At least two TV stations will show an uncensored documentary about soldiers in Iraq despite a warning from PBS that it can’t insure stations against FCC fines stemming from bad language.
The public broadcaster is distributing “clean” and “raw” versions of next Tuesday’s “Frontline” documentary about the Iraq war, titled “A Company of Soldiers.”
It’s an example of the television’s industry’s continued uncertainty about Federal Communications Commission standards for language and content, and a real-life echo of last fall’s decision by 66 ABC affiliates not to air the movie “Saving Private Ryan.”
The documentary contains 13 expletives spoken by soldiers.
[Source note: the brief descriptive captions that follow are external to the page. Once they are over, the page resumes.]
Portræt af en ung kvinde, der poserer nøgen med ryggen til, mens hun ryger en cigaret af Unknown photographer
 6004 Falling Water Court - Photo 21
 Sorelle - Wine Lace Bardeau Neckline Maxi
But “Frontline” producers also made a separate version with the words edited out, for use by some of PBS’s 170 stations in more conservative parts of the country.
Instead, PBS decided to send the clean version out to all of its stations. The raw version will also be made available, but station managers will have to make a special effort to tape it in advance.
KCTS general manager Randy Brinson told The Seattle Times on Thursday the station will show the unedited version Tuesday in the show’s usual time slot, 10 p.m. PST.
“I watched the program with the flagged comments, and I think that they are totally in context,” Brinson said. “They are journalistically appropriate, they underscore the story, and our decision is to go with the program as originally produced.”
“Frontline” is produced by Boston’s WGBH, which also will air the raw version.
PBS warned its stations that if they want to put themselves at risk of an FCC fine for language, the system can’t insure them, said senior programming executive Jacoba Atlas. To air the raw version, stations must sign a statement acknowledging the financial risk is theirs.
“It’s a financial decision,” Atlas said. “It’s not a decision that reflects on the merit that we think the film has.”